= Exercise directions =
Look through the entries below and extract exactly the lines from the one containing "JUHOR Ram DDR5 6000MHz 6400MHz" through the one containing "Meeting with Honourable", ends included.

[Source data]
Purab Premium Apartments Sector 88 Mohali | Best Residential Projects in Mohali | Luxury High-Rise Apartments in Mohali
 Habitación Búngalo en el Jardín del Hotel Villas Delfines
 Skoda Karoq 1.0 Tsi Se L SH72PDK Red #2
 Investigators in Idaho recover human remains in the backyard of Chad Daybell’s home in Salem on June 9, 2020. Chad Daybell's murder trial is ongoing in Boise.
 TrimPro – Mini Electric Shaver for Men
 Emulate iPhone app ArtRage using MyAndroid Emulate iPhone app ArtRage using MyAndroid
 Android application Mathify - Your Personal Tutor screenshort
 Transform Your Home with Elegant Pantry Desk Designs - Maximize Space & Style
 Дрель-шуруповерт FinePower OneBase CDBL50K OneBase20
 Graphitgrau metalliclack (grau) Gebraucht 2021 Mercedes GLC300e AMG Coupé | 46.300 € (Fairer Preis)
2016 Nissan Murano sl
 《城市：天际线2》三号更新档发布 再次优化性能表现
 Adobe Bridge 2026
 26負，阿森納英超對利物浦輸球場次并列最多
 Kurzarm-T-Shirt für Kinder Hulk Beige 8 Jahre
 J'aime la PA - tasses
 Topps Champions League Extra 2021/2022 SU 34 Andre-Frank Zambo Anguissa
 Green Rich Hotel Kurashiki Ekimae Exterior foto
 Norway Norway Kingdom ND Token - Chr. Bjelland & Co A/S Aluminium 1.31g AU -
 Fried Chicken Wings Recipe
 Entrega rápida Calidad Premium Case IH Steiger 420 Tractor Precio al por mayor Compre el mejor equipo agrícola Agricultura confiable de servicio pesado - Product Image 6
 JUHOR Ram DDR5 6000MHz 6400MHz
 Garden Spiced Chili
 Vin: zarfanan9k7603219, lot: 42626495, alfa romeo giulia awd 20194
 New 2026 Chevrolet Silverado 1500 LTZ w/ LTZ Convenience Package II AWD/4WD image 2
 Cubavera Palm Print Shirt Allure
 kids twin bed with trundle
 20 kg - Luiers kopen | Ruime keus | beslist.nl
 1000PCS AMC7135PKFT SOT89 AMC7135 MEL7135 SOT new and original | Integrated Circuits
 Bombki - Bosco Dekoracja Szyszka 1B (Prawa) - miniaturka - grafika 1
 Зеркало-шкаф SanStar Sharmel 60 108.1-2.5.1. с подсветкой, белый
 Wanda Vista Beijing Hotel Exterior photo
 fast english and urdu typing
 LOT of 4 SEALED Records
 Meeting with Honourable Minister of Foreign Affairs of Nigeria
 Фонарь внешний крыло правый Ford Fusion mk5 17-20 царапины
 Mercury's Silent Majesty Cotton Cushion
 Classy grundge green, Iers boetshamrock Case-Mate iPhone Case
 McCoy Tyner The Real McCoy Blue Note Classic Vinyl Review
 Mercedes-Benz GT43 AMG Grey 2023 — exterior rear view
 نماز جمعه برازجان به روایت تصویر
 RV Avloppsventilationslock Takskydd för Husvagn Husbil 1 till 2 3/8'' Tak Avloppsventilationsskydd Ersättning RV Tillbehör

= Output for this exercise =
 JUHOR Ram DDR5 6000MHz 6400MHz
 Garden Spiced Chili
 Vin: zarfanan9k7603219, lot: 42626495, alfa romeo giulia awd 20194
 New 2026 Chevrolet Silverado 1500 LTZ w/ LTZ Convenience Package II AWD/4WD image 2
 Cubavera Palm Print Shirt Allure
 kids twin bed with trundle
 20 kg - Luiers kopen | Ruime keus | beslist.nl
 1000PCS AMC7135PKFT SOT89 AMC7135 MEL7135 SOT new and original | Integrated Circuits
 Bombki - Bosco Dekoracja Szyszka 1B (Prawa) - miniaturka - grafika 1
 Зеркало-шкаф SanStar Sharmel 60 108.1-2.5.1. с подсветкой, белый
 Wanda Vista Beijing Hotel Exterior photo
 fast english and urdu typing
 LOT of 4 SEALED Records
 Meeting with Honourable Minister of Foreign Affairs of Nigeria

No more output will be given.